Assigned task — Repeat the listing that follows, character for character, minus the pictures.

Data block —
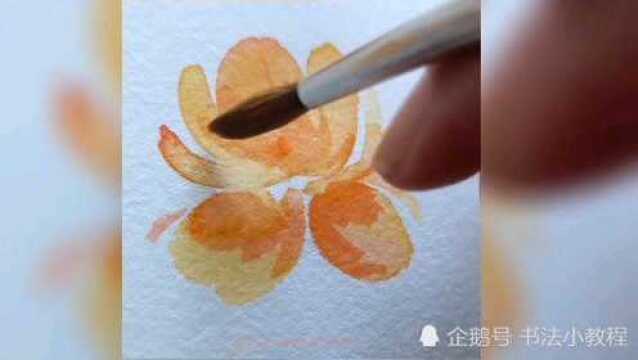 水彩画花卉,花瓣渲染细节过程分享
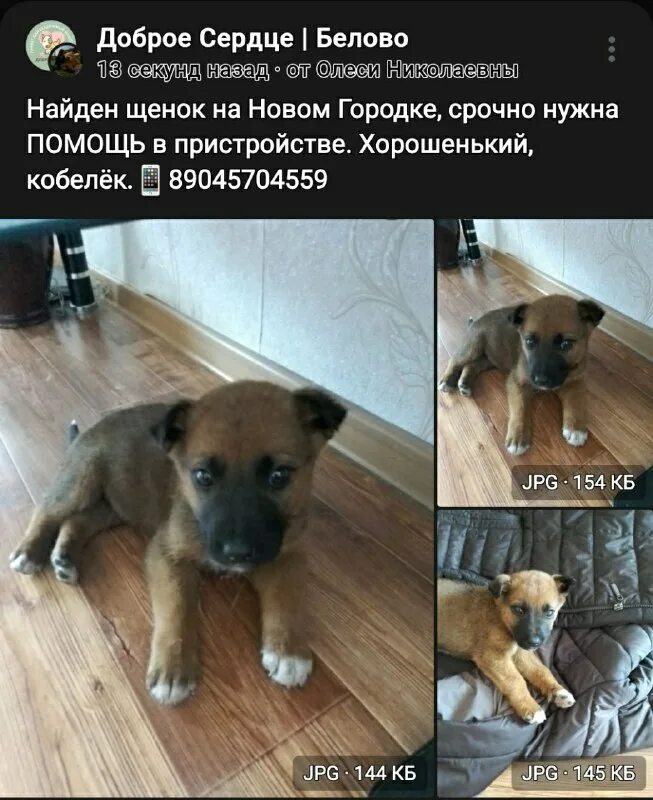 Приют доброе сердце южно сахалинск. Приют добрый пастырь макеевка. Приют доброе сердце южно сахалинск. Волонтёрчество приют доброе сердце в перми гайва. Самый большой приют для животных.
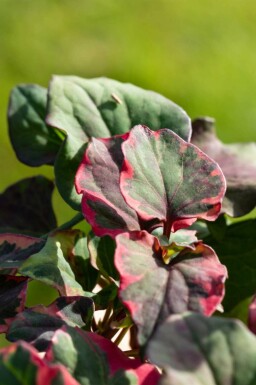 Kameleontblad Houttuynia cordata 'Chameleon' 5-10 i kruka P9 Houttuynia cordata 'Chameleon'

Output below —
 水彩画花卉,花瓣渲染细节过程分享
 Приют доброе сердце южно сахалинск. Приют добрый пастырь макеевка. Приют доброе сердце южно сахалинск. Волонтёрчество приют доброе сердце в перми гайва. Самый большой приют для животных.
 Kameleontblad Houttuynia cordata 'Chameleon' 5-10 i kruka P9 Houttuynia cordata 'Chameleon'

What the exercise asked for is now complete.